Throughout his adult life he was equally dedicated to the promotion and conservation of Mexican traditions and local customs. Back in the 1970’s he started up a ballet folklórico dance troupe in the village. He became actively involved in reviving the January celebration of the Fiesta de San Sebastian in upper Ajijic and helped stage the representation of typical village festivities as part of the annual Rebozo parade held in conjunction with September’s Fiestas Patrias.
As word of España’s death spread through the community, the ground floor of Manix was cleared out for the customary wake, held March 23 and 24. Per his last wishes, he was laid out in a simple pine coffin, handsomely dressed in one of his favorite Mexican outfits. As hundreds of friends and admirers gathered with the family to pay their respects, the place filled up with scores of floral arrangements and memorial wreaths.
A funeral mass was celebrated on the evening of Wednesday, March 23 at the San Andrés church, followed by a rosary service at the nearby Capilla del Rosario.

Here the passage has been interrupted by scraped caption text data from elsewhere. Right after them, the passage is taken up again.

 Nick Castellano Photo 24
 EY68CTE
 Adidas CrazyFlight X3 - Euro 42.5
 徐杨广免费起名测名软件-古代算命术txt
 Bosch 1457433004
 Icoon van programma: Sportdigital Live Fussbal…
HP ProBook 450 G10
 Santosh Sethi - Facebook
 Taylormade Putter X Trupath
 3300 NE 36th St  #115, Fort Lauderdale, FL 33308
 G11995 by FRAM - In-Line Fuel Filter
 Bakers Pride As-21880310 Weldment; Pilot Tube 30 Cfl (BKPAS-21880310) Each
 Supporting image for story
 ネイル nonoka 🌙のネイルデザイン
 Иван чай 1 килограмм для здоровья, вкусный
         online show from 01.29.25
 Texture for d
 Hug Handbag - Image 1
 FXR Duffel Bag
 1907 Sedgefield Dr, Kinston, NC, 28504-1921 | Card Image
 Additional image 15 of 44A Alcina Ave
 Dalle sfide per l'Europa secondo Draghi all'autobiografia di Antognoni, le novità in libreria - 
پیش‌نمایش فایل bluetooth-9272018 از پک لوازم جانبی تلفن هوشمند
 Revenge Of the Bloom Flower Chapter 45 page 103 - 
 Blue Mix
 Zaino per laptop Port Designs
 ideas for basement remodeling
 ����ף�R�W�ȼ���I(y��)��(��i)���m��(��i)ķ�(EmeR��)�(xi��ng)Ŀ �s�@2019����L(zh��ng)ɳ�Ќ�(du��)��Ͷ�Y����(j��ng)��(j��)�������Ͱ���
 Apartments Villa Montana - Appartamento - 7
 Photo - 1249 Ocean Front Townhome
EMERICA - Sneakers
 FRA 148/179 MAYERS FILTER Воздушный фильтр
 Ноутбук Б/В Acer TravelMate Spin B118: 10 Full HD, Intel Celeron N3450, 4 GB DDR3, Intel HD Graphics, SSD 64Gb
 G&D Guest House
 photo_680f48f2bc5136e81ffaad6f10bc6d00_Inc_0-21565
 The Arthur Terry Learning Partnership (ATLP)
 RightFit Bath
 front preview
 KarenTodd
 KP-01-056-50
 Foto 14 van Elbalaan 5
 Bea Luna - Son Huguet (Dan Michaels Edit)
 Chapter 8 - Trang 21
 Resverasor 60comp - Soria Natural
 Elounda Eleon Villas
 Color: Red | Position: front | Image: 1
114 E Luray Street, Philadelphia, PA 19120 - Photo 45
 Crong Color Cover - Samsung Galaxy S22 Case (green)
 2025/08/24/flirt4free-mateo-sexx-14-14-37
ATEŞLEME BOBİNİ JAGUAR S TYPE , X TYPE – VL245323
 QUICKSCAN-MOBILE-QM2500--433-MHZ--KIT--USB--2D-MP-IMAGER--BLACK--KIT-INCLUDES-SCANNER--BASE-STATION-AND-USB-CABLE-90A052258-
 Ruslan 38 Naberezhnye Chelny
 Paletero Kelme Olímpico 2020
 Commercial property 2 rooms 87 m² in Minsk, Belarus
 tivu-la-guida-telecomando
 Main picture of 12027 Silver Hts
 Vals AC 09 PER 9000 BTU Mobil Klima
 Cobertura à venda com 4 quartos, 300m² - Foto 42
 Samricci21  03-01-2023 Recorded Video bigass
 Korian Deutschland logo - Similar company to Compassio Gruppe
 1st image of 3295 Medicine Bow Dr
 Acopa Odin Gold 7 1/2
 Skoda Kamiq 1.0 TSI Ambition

The following afternoon, España was sent off to his final resting place with a colorful procession to the Ajijic cemetery, in fitting style for a beloved member of the community who so relished local festivities, A band of masked Sayaco dancers, two marching bands and a throng of mourners accompanied the hearse as it slowly rolled along the main streets of town to the gates of the Panteón. Once his coffin was laid in the family crypt, the crowd joined in a joyful papaqui, breaking confetti-filled eggs over one another’s heads in a sign of fond farewell for his journey to the afterlife.
España was preceded in death by both of his parents and two siblings who died in infancy. He is survived by his sister Martha and brothers Armando, Daniel, Gustavo, Alfredo Óscar and Héctor.